I’m struggling to return to the rhythm of New York after spending a month on a dark island in the Baltic Sea. But the muscle memory of the subway always remains: its iron shriek and crowd compression, the buskers in red tracksuits twirling their hats to an overdriven breakbeat before wishing everybody a blessed day. And the surreal sight of all of us sitting in a row, staring into little pieces of glass.
I opened my increasingly tattered copy of Seeing Is Forgetting the Name of the Thing One Sees and returned to the artist Robert Irwin’s monastic obsession with lines, dots, and discs. Just as I was about to give up on his fixation with flatness and picture planes, he described his desire “to dig into the root question of how an orthodoxy becomes so deeply rooted that becomes hidden.” I closed the book and watched everyone on the subway swiping and scrolling, hunting for something. Or escaping. I felt my own hands twitching, inching towards my telephone in search of fresh data and virtual interactions. How did these cravings and gestures become so ingrained so quickly?
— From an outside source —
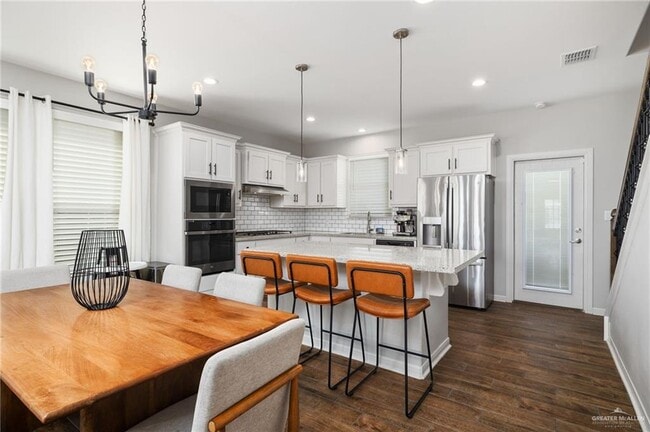 Photo - 16 Chalk Rdg Dr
Airlines are limiting flights to China as the spread of the coronavirus continues. Billionaire candidates are buying better poll numbers while a death cult in the Senate defends the current president’s crimes. Democracy feels like it’s circling the drain. There still isn’t any snow. These are uneasy days of sensing that the world has been altered in some fundamental way, that the sooner or later the piper must be paid and we will need to change our ways. And maybe we will. Maybe our orthodoxies are becoming less hidden now that so much deeply weird behavior is on display. Last night I had a dream about something called digital atonement.